The title of this post is the headline of this notable local article from Texas providing a notable perspective on one victim's view of the administration of the death penalty in a high-profile case:
Randy Ertman knows the road to the Texas death chamber too well. He’s set to make the trip again, to witness for the third time the execution of one of the gang members responsible for the rape and murder of his teenage daughter and her schoolmate.
This time, it will be the lethal injection on Tuesday of Peter Anthony Cantu, the leader of the five young men who were sentenced to die for the June 1993 murders of 14-year-old Jennifer Ertman and 16-year-old Elizabeth Pena.
It’s not lost on him that Cantu has lived in prison longer than Jennifer and Elizabeth were alive. “He should have been hung outside the courthouse,” Ertman said in an interview with The Associated Press. “I don’t mean this in a gruesome way, but if they want to make the death penalty a deterrent, up in front of (Houston) City Hall, they’ve got all these beautiful trees. They should have hung them. If they hung all five of them, that would be a deterrent.”...

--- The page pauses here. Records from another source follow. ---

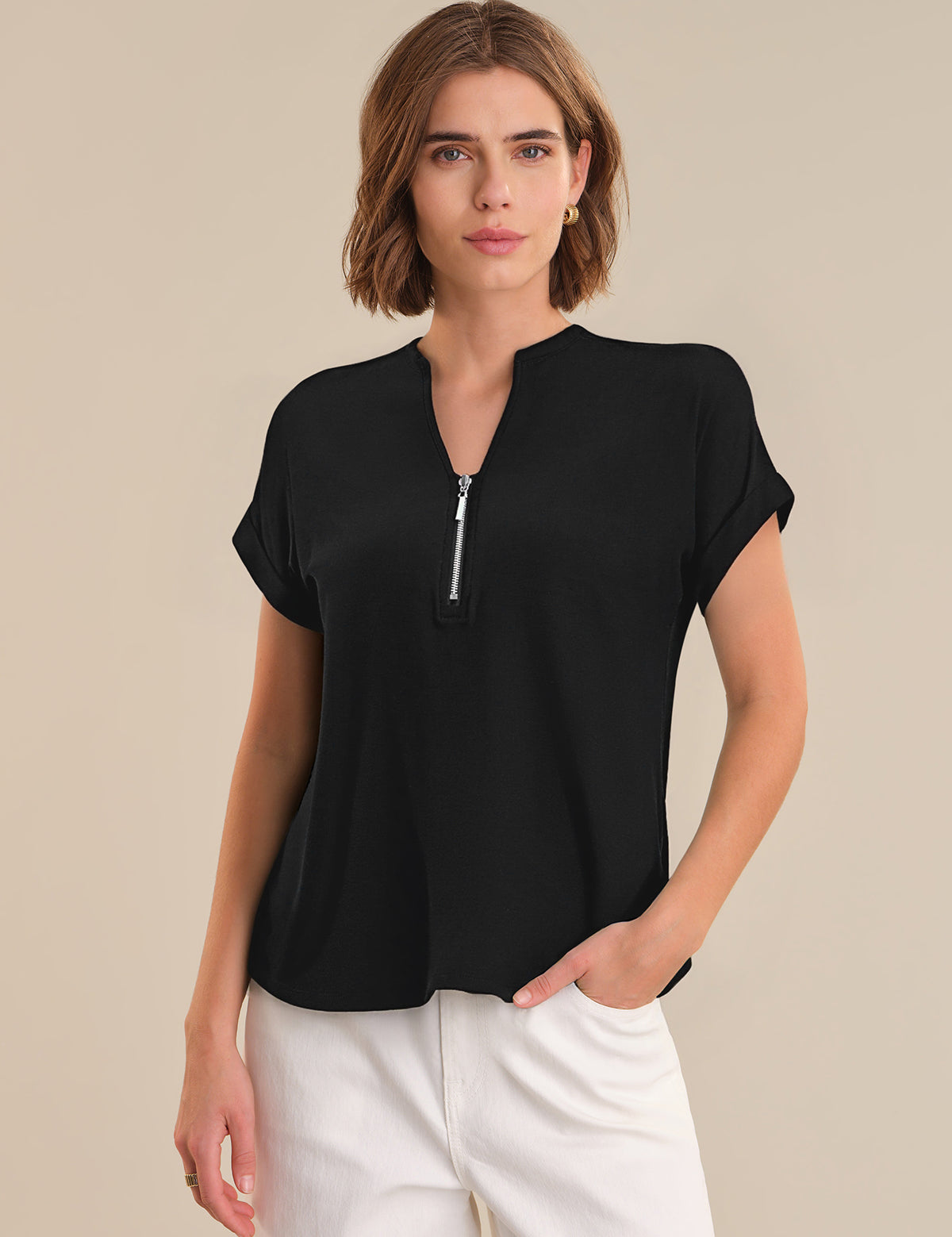 Woman wearing a black short-sleeve top with a zipper on a beige background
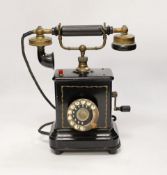 An early 20th century black enamelled metal telephone, 34cm high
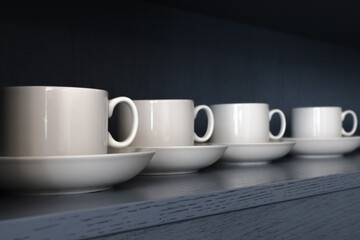 white porcelain teacups and saucers stand on a shelf with a wooden texture in blue-gray close-up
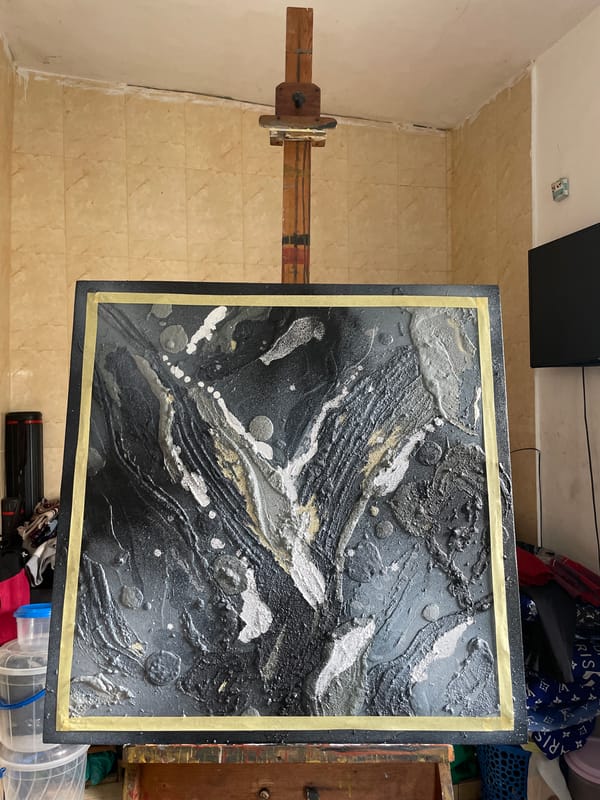 Abstract painting displayed on easel in Ado, Nigeria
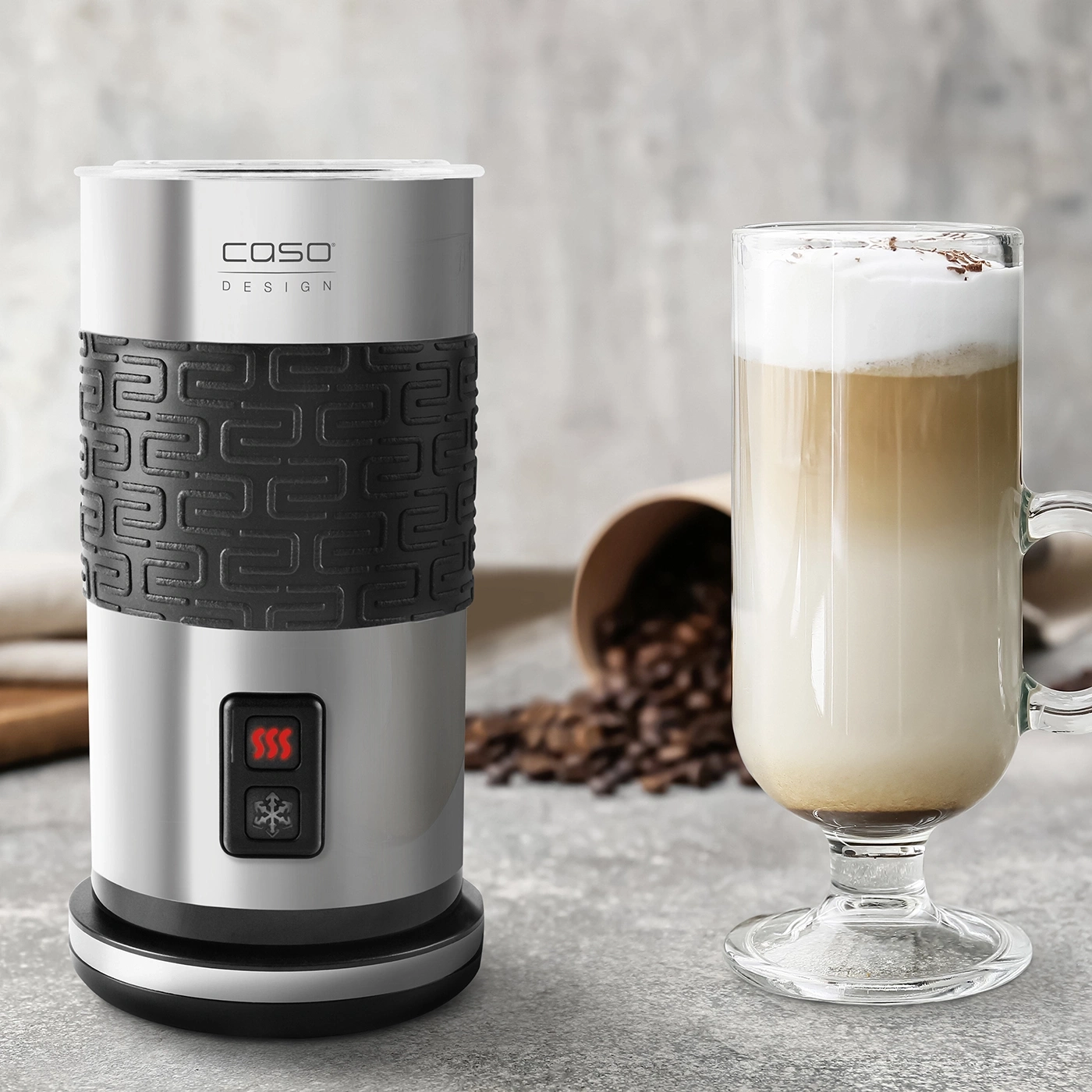 Milk frother and latte macchiato glass on gray surface with coffee beans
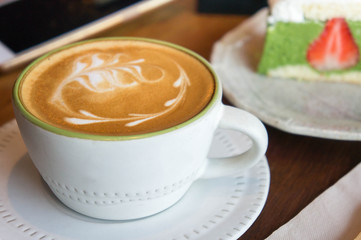 coffee cup and tasty cake relax time book and mobile phone on table in coffee shop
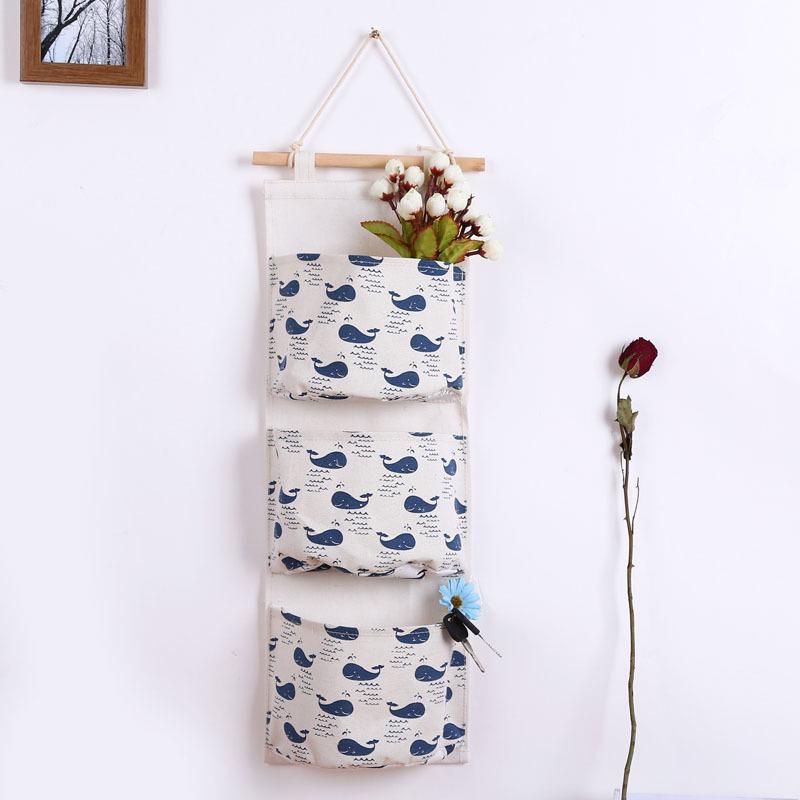 

Водонепроницаемая настенная сумка для хранения из хлопка и льна с тремя карманами и дизайном в виде ветки дерева Three-Pocket Hanging Bag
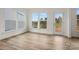 Inviting sun room with ample natural light, showcasing hardwood floors and scenic views at 9481 Coast Laurel Ave # 12, Concord, NC 28027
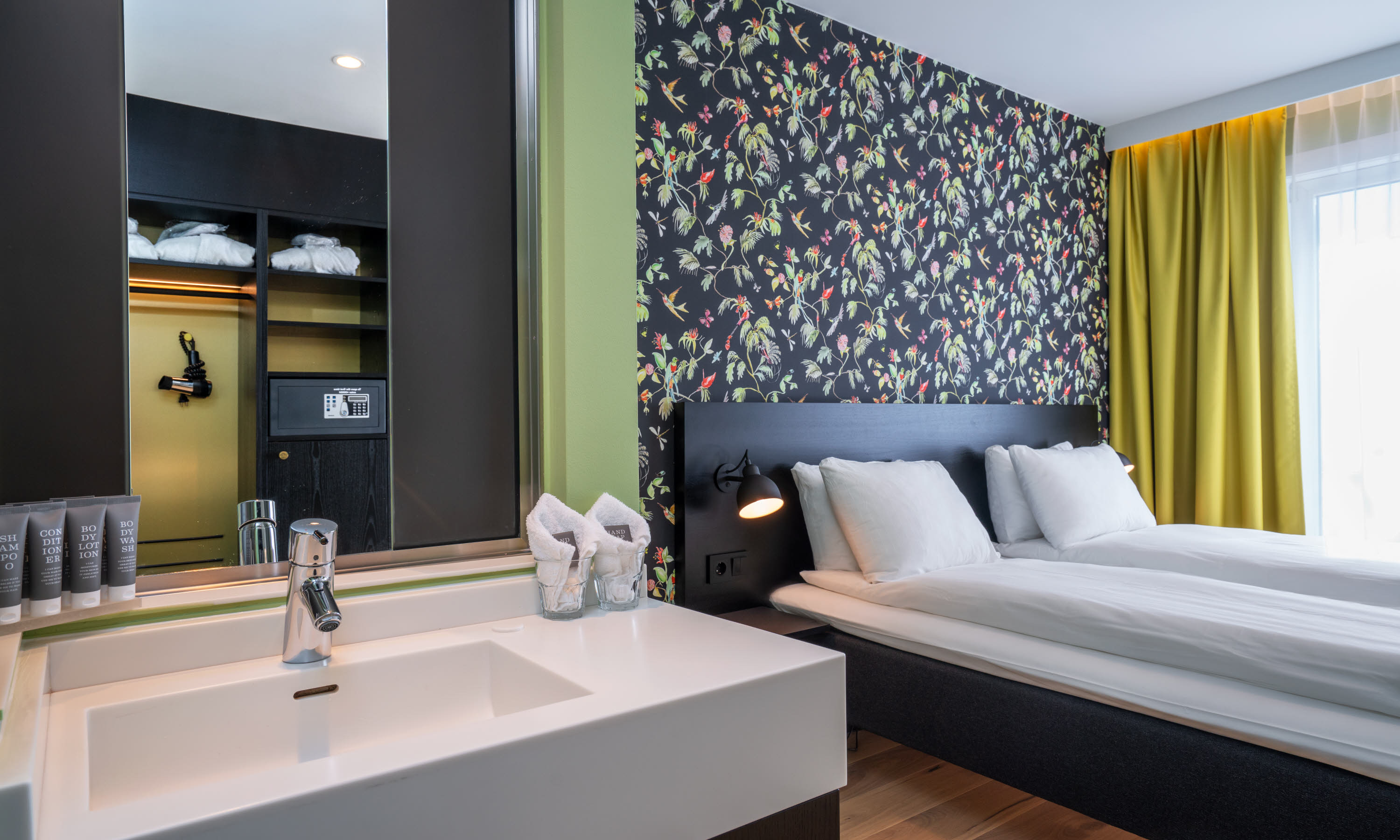 Vask med speil og en dobbeltseng i bakgrunnen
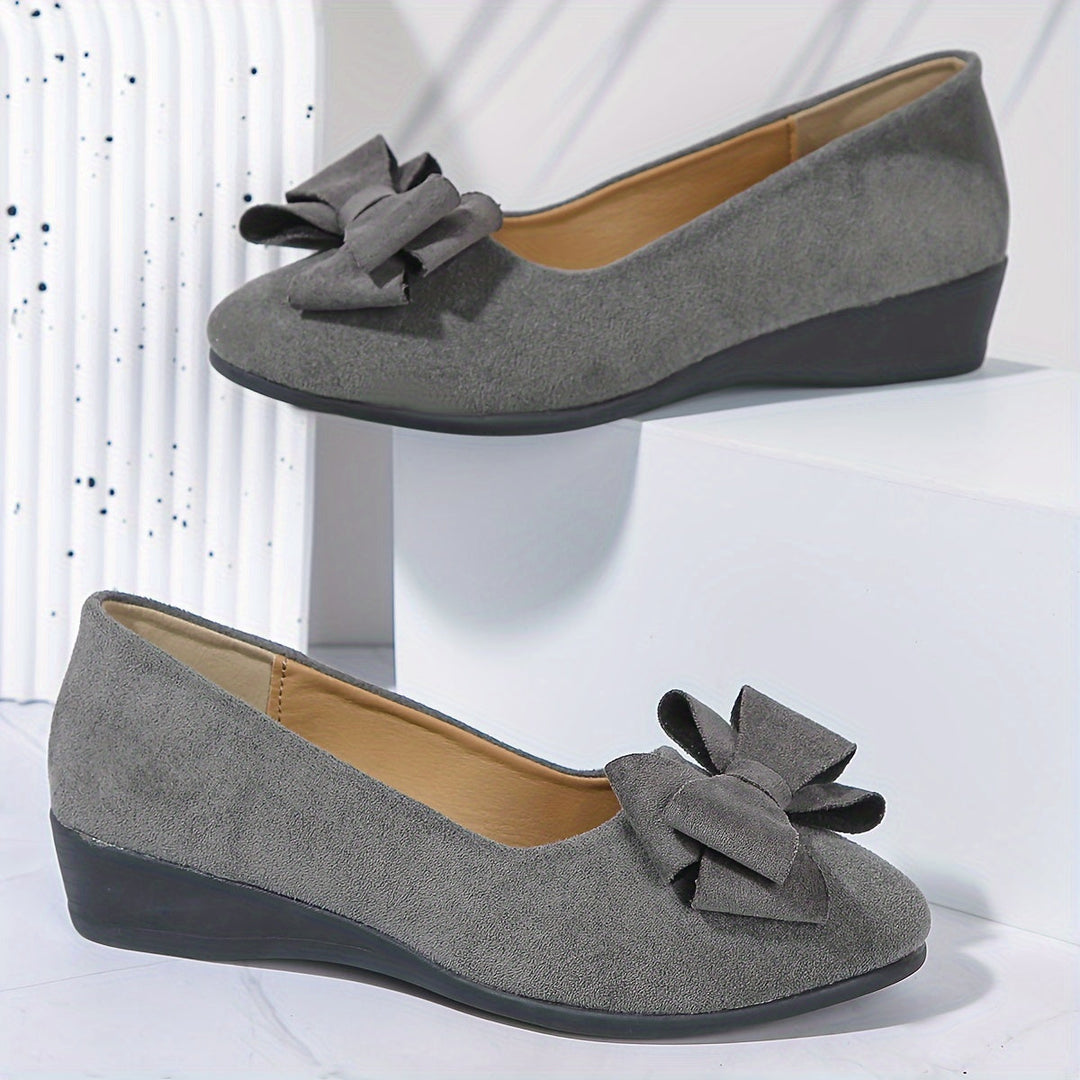 Ballerine nere donna, comfort e stile con fiocco delicato e suola imbottita.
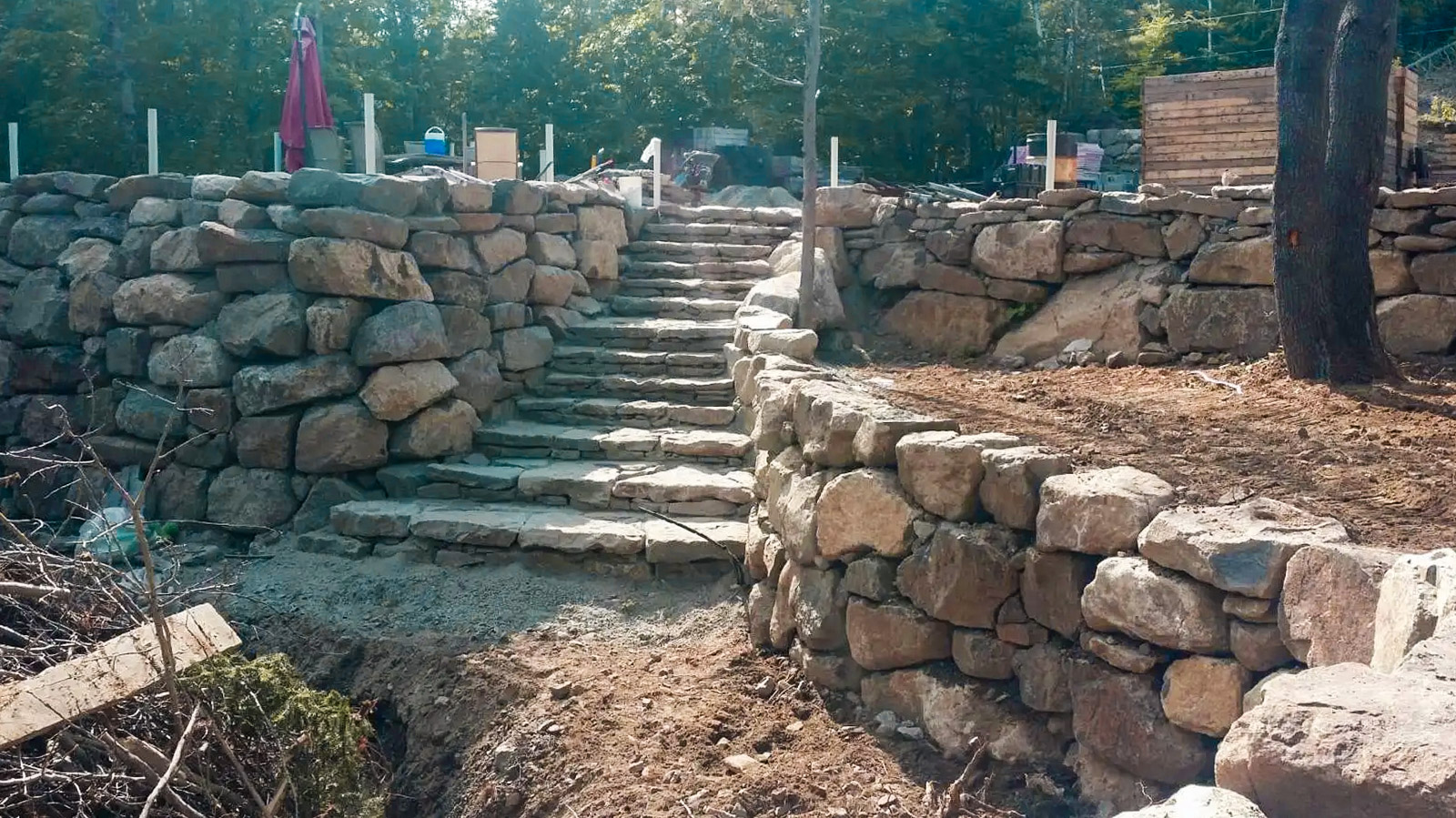Exterior staircase in natural stone surrounded by rustic stone retaining walls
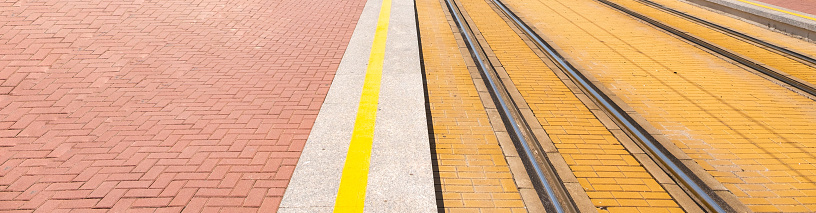 Background image, combination of roads of the pedestrian zone, dividing lines and metal rails of tram tracks, Space for copying.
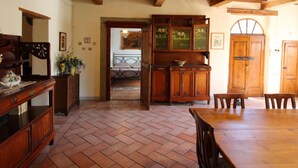 Una habitación amplia con suelo de espiga, vigas de madera en el techo y un armario de madera tradicional.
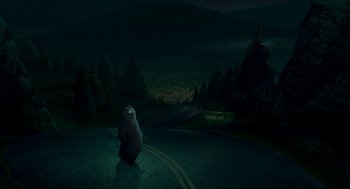 Movie still from “Open Season” (2006), directed by Roger Allers – A bear sitting in the middle of the road at night; Extreme Wide shot, High angle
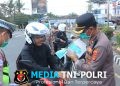 Dampak Erupsi Gunung Anak Krakatau, Polres Lampung Utara Bagikan Masker kepada Warga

The case horrified Houston. Nearly two decades after friends and relatives frantically distributed flyers offering a $10,000 reward for help finding the teenagers who failed to return home from a summer pool party, prosecutor Donna Goode still has one in her office. “Two beautiful young girls,” Goode says. “I think about them.”
Their battered and decomposing bodies, left to mummify in a wooded field in the relentless heat of Houston’s summer, were found four days after they disappeared. “They become everybody’s daughter,” recalled Don Smyth, a retired Harris County assistant district attorney who had helped prosecute Cantu. “Parents always worry about their kids, especially their daughters.”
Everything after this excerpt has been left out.